INFORMATION SUPPLIED -

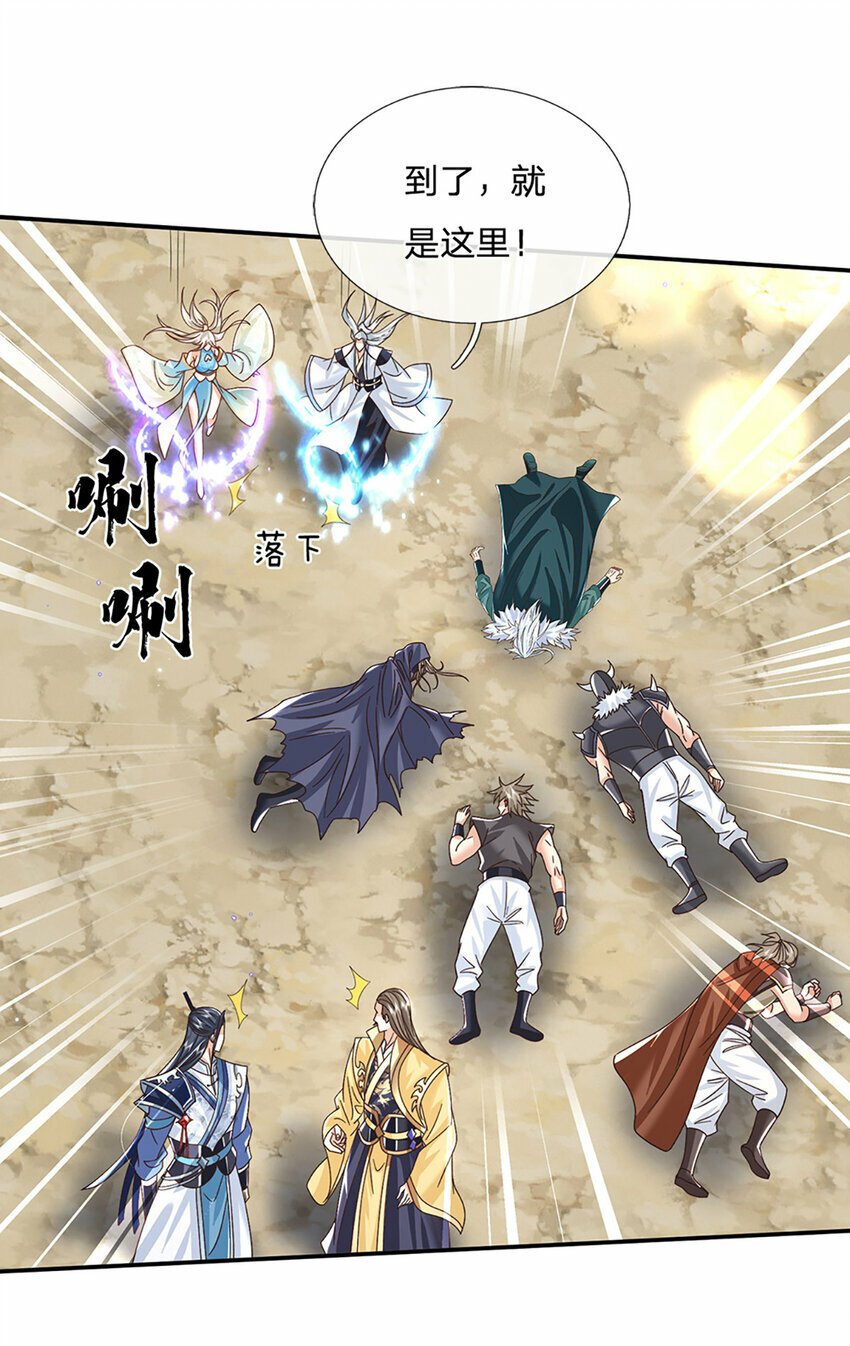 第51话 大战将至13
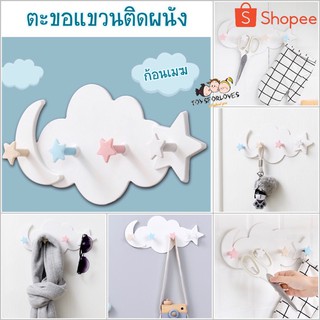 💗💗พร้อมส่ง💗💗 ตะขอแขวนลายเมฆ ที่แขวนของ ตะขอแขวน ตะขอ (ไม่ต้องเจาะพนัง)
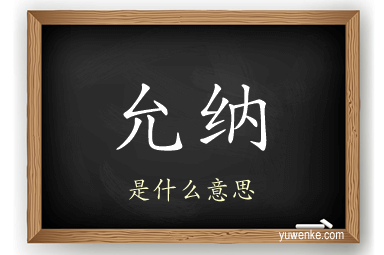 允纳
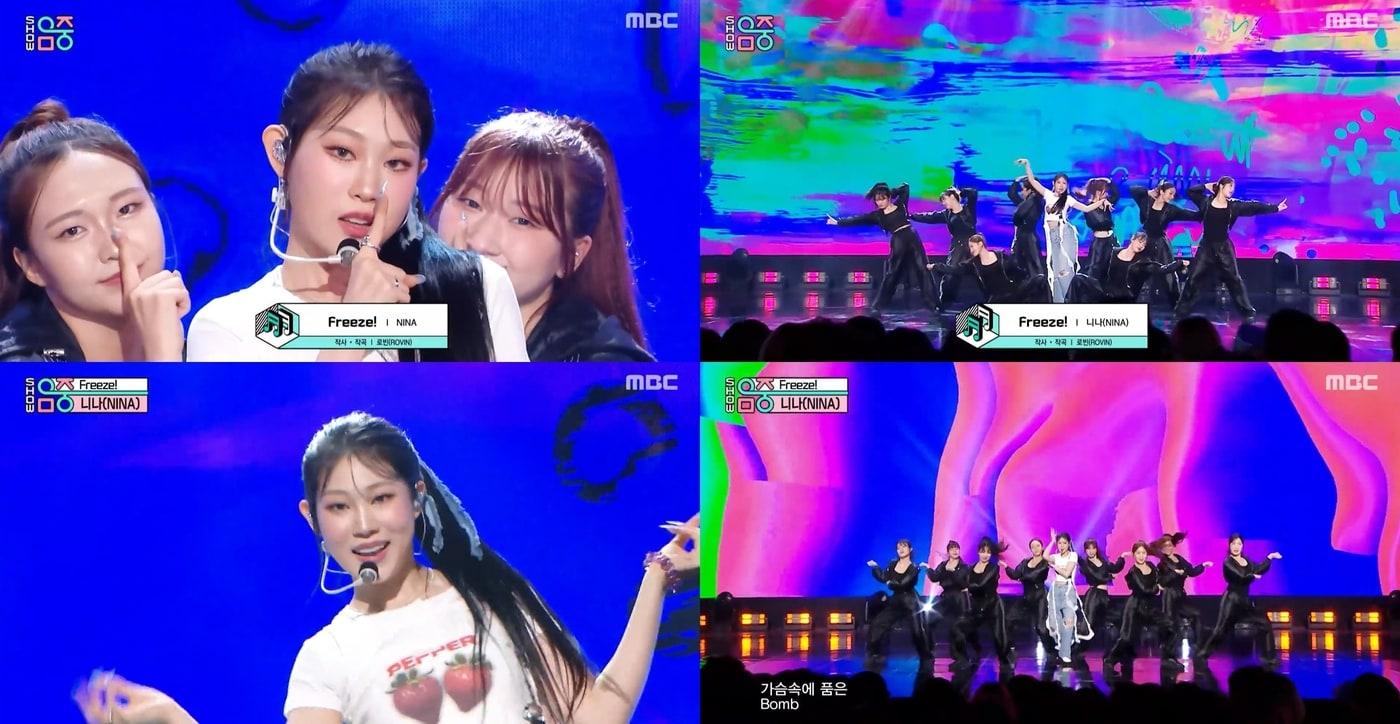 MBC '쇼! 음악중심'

BRIEF - Print out the material verbatim, skipping pictures.

RESULT FOR THIS EXERCISE -
 第51话 大战将至13
 💗💗พร้อมส่ง💗💗 ตะขอแขวนลายเมฆ ที่แขวนของ ตะขอแขวน ตะขอ (ไม่ต้องเจาะพนัง)
 允纳
 MBC '쇼! 음악중심'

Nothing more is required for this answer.